Last week, Jeremy Piven introduced his WWE Raw guest co-host and The Goods: Live Hard, Sell Hard co-star Ken Jeong to a packed arena as "the Asian gentleman from The Hangover." Piven could have easily continued his credits: "You might also recognize him as the Asian gentleman from Knocked Up, the Asian gentleman from Step Brothers, the Asian gentleman from Pineapple Express and the Asian gentleman from Role Models." Ken Jeong is the busiest "Asian gentleman" in Hollywood, with today's The Goods premiere, future releases All About Steve and Couples Retreat, not to mention his upcoming NBC series Community. Last week at NBC's Television Critics Association event, Movieline sat down with the doctor-turned-actor, who readily discussed his time in the ring with Piven, his upcoming series with Chevy Chase and being naked in a trunk for The Hangover.

You joined Community's cast fairly recently. How is work on the show going?

It's great. I just started last week. It was the second episode last week. They had done the pilot months ago and I had seen the pilot like three times and had loved it. And that was before I was in contention for anything. Once I found out there was a role on the show for me, I pretty much begged for it. I really loved that role and it was really in my wheelhouse of acting moves and comedy moves and I just had a blast. I was a little nervous because I hadn't met anyone on the cast prior to that but everyone was just so nice. Chevy is an icon and to have that instant chemistry is pretty rare. On your first day, to already be comfortable acting-wise on and off camera, it was not unlike doing a movie together with Apatow and Todd Phillips, it was the same kind of attention to quality.

Did you read the pilot after The Hangover was released?
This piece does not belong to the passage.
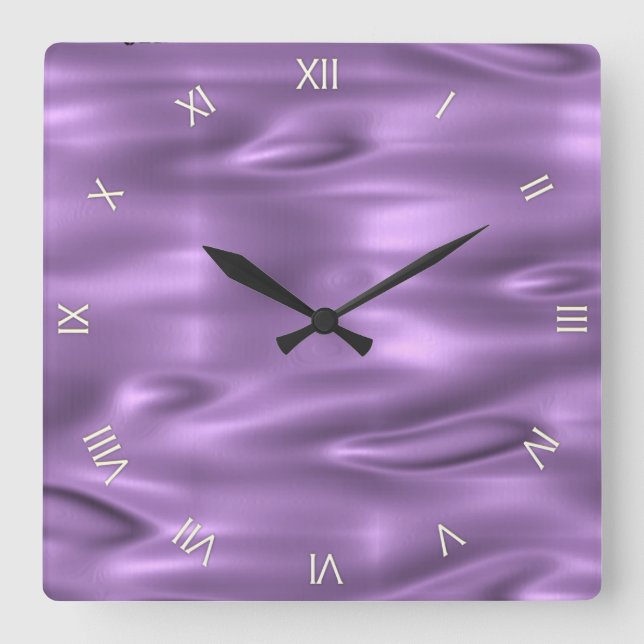 Horloge Carrée Violet avec chiffres romains blancs (Recto)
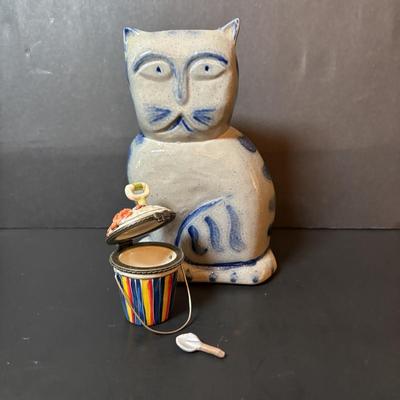 LOT 217: Boats on Dune Signed M, Weston Painting, Pottery Fish Platters, Eldreth Salt Glaze Pottery Cat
It was after The Hangover. Actually last month, I was doing another movie with Brendan Frasier and Brooke Shields for Summit Entertainment, it's a family movie called Furry Vengeance. A lot of the negotiations happened while I was shooting the movie and I had read the script and read my part and knew I had to do it.

jeongthrow.jpg

Did you have any idea The Hangover was going to be so huge? When you did the scene where you jump out of a trunk naked, were you thinking that for years down the line, people might remember you for that part?

I had no idea. I think everyone's different but in comedy, I try to do my scene to make the director and the other actors laugh. If I can make them laugh and we have the same sensibility, then I'm on the right page.

At this point, WWE's "The Miz," one of the wrestlers who squared off against Piven and Jeong, joins the conversation.

THE MIZ: If it isn't the guy who almost got me banned from World Wrestling Entertainment. How's your head?

JEONG: Oh, my head is fine.

THE MIZ: You should have seen him back in the locker room. He was in the locker room, shouting to someone on the phone, "This is the greatest thing! I have no idea what happened!" Were you talking to your wife?

JEONG: I was talking to my parents. I wanted to let my parents know - because I looked hurt on TV, I think I really sold it.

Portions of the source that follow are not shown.